Clive Owen was born in 1964 in Coventry. He first came to prominence in the UK with his performance in the lead in the cult TV series “Chancer” in 1990 and 1991. His cinema fame came with “Close My Eyes” in 1991. He has since made films in Hollywood and on the international scene. His movies include “Gosford Park”, “The Bourne Identity”, “Closer” and “Sin City”.
After a decade of steady work on British television, actor Clive Owen broke out internationally with American art house success of the taut crime-thriller “Croupier” (2000). With his rugged good looks and low key charm, comparisons to the great Sean Connery seemed inevitable as he delivered a series of strong performances in such films as “Gosford Park” (2001) and “The Bourne Identity” (2002). Nearly unanimous praise was heaped on the actor for his wicked performance in Mike Nichols’ brutal relationship drama, “Closer” (2005) – in a role he had originated on the stages of London – followed by a stylistic about-face as part of Robert Rodriguez’s hyper-stylized neo-noir “Sin City” (2005), adapted from Frank Miller’s graphic novel. His work in the intelligent, affecting and ultimately terrifying look into the near-future “Children of Men” (2006) secured Owen’s status as one of Hollywood’s top talents. He showed exceptional comic timing opposite Julia Roberts in the sexy satire “Duplicity” (2009) in addition to a willingness to tackle historical icons in acclaimed work like “Hemingway & Gellhorn” (HBO, 2012). While harkening back to the leading men of film’s golden era, Owen also brought to the table an unmistakably 21st-Century artistic sensibility, making him both an actor’s actor and bona fide movie star.
Born on Oct. 3, 1964 in the small town of Coventry, England, Owen was raised in a fairly rough neighborhood by his country music singing father, who was divorced from his mom in 1968. Owen knew early on that he wanted to be an actor after playing the Artful Dodger in a school production of “Oliver!” When he was 13 years old, he joined a youth group run by the Coventry Theatre while a student at Binley Comprehensive. Accustomed to poverty and occasional violence, Owen spent two years after graduating high school on the dole while trying to jump-start his acting career. He previously tried applying to the Royal Academy of Dramatic Art (RADA), but decided instead to drop out of civil society and make it on his own terms. Two soul-sucking years later, Owen reapplied to RADA and got in. He was fortunate enough to be working with a group in school that was workshopping a Howard Barker play that had yet been put to market.

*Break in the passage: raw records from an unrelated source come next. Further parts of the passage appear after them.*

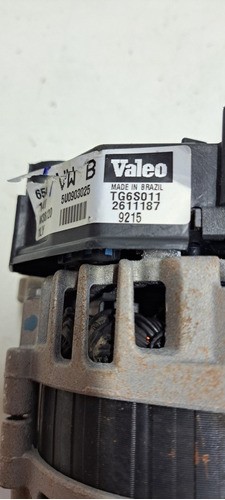 Alternador Volkswagen Saveiro 1.6 2021 2022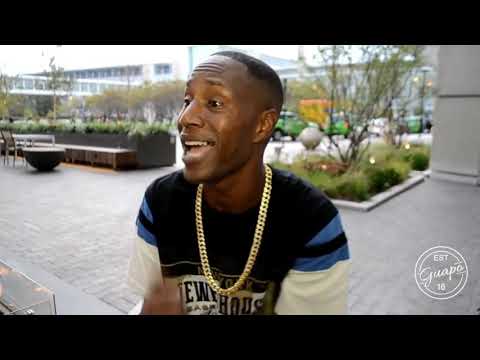 Figg Panamera aka JT The Bigga Figga: I Taught Master P The Game #classicinterview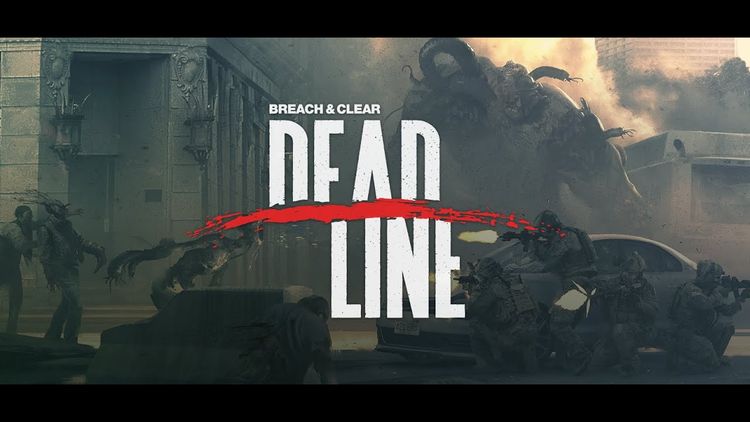 Breach & Clear: Deadline GOG CD Key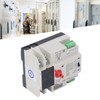 Automatic Transfer Switch 2P 63A Generator Changeover Switch AC 110V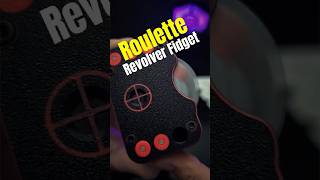 Drinking Game? 3D Printed Russian Roulette Revolver Fidget Game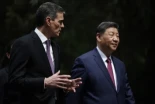 Pedro Sánchez pide a China mayor implicación para que cesen guerras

The play later opened at the Royal Court, attracting agents wishing to represent young Owen before he had the chance to even graduate.
After graduation, he took to the stage at the Young Vic, playing Romeo in “Romeo and Juliet” – where he met his soon-to-be wife, Sarah-Jane Fenton, who played Juliet – and Claudio in “Measure for Measure.” Owen made his feature debut in “Vroom” (1988), a story about three people – Owen, David Thewlis and Diana Quick – who escape their dreary surroundings and go on a road trip that suddenly turns disastrous. That same year, he displayed his darker side as a psychopath in the BBC adaptation of “Precious Bane,” which aired in America on PBS’ “Mystery!” before turning roguishly heroic for the British TV series, “Chancer” (1990-91). Owen delivered a strong portrayal of an ambitious businessman who is seduced by his older sister (Saskia Reeves), then becomes obsessed when she tries to break the affair off in Stephen Poliakoff’s excellent drama “Close My Eyes” (1991). Owen was tapped again by Poliakoff, this time to play a Jewish doctor who clashes with the head of a medical center (Charles Dance) in the period piece “Century” (1993).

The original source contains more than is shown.